図書紹介『メートル法と日本の近代化 田中館愛橘と原敬が描いた未来』吉田春雄著、現代書館

メートル法と日本の近代化 本書は、盛岡藩出身の物理学者・田中舘愛橘の生涯を、日本の近代化を推し進めるために、産業や社会生活の基礎となる度量衡の単位をメートル法に統一する活動を縦軸に、盟友である原敬との友情と助け合いを横軸に織りなして描いた物語。

 尺貫法やヤード・ポンド法などさまざまな単位系が用いられていた明治時代に、田中館愛橘はメートル法統一に力を尽くした。

 日露戦争時、陸軍がメートル法を用い、海軍がヤード・ポンド法を使うという度量衡の単位の混在が弾薬不足を招いていた。

 地球物理学を学ぶ過程で測地点を表す単位系としてメートル法を学び、その合理性と普遍性を理解していた田中舘愛橘は、日本の近代化のためには単位の統一の必要性を痛感し、陸海軍、そして伝統建築を担う宮大工の説得に乗り出した。

 原敬の助力も得て、遂に1921年(大正10年)4月11日に、度量衡の単位をメートル法に一本化する改正法(大正10年4月11日法律第71号 度量衡法中改正法律)の公布にこぎ着けた。

 同郷、同窓の原敬との友情と共助を横軸にすえ、また資料と資料をつなぎ、行間を埋める描写としてドキュメンタリー小説という手法を採用したことにより、まるで3D映像を見るように、田中館愛橘という人物を多面的に浮かび上がらせている。
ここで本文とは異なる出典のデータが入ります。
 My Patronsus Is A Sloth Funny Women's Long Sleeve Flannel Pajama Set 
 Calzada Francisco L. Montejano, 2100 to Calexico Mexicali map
 著者は「度量衡制度というものは一国の社会的基盤(インフラ)ですから、その国のおかれた歴史的・社会的な説明なしには語り尽くせない」という考えからドキュメンタリー小説という形式を採用したと述べている。

 また「戊辰戦争後の逆境にあっても日本の未来を描き続けた男たちの姿を述べたかった」という。その意図は果たされたといえる。

 著者の吉田春雄氏は、1944年、岩手県紫波郡見前村(現在は盛岡市に併合)生まれ。盛岡一高を経て北海道大学工学部応用物理学科卒業。1968年、タケダ理研工業(現在のアドバンテスト)入社。1993年、北海道大学より博士(工学)授与。産業技術総合研究所の総括研究員等も歴任した。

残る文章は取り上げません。